Task item | Which of the lines below include "Primeira"? Each one should be copied out.

(Stored entries)
-.-.-

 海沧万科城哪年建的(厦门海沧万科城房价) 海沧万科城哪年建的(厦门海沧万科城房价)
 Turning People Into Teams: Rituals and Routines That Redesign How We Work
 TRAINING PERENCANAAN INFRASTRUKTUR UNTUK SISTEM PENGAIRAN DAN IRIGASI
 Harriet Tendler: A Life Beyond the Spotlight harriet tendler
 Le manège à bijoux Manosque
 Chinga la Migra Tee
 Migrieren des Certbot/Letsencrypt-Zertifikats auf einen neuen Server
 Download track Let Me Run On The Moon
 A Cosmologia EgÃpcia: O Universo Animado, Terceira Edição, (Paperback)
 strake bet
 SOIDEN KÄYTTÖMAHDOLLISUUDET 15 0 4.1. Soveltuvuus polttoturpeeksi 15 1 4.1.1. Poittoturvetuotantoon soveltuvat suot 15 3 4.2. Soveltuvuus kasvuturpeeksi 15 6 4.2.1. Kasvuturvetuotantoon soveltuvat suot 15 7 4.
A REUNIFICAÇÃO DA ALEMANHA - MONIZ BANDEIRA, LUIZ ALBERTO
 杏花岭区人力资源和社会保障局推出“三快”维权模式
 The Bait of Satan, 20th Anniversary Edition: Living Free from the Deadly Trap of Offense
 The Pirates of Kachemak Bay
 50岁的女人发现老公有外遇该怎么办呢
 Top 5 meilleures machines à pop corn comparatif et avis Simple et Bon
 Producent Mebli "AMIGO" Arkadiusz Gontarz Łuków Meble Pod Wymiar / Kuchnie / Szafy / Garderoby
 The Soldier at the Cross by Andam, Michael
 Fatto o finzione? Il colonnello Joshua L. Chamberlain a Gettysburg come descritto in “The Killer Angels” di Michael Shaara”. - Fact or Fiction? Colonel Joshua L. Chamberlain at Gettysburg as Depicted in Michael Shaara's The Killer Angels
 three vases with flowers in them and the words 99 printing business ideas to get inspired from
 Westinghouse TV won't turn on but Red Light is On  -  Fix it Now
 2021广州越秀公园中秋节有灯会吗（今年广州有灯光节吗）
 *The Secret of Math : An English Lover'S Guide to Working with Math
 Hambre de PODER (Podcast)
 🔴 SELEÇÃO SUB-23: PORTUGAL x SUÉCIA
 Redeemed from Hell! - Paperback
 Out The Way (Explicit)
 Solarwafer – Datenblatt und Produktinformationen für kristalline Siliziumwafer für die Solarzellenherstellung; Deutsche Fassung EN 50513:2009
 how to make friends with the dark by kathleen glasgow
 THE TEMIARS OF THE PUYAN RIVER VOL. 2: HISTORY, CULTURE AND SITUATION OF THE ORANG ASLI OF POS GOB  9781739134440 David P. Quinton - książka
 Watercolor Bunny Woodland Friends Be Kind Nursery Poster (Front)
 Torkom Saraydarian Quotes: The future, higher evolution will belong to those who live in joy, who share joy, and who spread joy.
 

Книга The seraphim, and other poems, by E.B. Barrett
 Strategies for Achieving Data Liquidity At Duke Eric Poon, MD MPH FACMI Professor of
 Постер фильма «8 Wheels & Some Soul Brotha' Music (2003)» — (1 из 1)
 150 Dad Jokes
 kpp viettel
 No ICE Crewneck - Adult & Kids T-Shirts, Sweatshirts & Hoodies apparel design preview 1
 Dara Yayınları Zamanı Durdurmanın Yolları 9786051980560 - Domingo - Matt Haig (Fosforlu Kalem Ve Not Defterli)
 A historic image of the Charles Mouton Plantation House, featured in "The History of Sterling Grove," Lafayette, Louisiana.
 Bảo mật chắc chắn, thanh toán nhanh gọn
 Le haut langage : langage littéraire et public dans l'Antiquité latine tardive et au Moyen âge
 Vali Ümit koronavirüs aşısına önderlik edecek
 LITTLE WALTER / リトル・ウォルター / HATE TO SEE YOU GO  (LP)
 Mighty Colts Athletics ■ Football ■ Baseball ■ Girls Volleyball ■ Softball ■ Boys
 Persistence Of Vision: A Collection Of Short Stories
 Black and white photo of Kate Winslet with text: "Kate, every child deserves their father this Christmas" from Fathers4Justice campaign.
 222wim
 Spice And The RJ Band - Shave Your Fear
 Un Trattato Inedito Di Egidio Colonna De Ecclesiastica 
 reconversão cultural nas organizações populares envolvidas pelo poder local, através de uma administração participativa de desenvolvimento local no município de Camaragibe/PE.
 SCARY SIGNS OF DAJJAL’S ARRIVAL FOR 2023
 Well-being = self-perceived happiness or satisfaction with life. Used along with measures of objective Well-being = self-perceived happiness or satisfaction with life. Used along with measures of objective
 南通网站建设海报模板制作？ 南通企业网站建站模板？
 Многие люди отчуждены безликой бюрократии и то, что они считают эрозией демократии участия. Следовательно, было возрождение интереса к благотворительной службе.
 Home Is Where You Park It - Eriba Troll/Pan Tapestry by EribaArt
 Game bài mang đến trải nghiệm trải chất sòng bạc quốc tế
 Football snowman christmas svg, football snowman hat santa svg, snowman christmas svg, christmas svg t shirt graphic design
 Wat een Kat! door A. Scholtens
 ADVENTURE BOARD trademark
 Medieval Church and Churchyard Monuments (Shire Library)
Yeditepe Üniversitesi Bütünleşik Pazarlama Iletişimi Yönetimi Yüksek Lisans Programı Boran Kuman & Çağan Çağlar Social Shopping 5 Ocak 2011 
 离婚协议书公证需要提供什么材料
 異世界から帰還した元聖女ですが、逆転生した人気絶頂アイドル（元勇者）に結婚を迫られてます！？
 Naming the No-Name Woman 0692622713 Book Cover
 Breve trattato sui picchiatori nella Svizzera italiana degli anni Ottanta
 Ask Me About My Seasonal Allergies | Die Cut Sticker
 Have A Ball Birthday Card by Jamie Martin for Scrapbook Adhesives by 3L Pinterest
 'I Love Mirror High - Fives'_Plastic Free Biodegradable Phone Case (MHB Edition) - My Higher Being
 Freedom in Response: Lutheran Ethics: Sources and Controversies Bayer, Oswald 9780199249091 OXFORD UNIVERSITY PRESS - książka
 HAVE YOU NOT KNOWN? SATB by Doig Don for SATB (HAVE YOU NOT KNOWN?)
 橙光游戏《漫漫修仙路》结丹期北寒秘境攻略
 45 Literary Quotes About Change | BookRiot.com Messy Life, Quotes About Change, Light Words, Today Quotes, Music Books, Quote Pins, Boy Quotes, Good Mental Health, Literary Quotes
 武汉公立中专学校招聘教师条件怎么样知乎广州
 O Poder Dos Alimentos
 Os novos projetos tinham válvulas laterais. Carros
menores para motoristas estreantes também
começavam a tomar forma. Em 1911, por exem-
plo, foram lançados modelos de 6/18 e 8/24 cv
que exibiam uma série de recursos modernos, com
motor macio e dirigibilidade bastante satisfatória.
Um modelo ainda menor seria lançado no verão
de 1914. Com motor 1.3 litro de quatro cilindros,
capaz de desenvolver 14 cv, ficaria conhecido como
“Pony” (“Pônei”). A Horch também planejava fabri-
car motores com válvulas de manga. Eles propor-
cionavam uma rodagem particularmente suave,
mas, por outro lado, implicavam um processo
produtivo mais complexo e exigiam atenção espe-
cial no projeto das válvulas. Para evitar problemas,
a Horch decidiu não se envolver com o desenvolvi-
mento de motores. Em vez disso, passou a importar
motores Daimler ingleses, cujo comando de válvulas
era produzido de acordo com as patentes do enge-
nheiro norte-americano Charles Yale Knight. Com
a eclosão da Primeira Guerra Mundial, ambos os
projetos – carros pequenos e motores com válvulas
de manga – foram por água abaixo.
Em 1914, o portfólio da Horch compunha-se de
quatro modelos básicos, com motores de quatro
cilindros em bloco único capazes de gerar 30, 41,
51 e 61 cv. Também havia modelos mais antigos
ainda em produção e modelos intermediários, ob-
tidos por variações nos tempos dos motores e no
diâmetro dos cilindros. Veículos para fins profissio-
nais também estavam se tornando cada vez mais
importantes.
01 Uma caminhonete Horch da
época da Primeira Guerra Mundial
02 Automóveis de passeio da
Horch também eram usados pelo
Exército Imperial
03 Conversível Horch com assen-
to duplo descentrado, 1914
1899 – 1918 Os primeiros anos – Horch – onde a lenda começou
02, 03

-.-.-

Reply |
a eclosão da Primeira Guerra Mundial, ambos os
época da Primeira Guerra Mundial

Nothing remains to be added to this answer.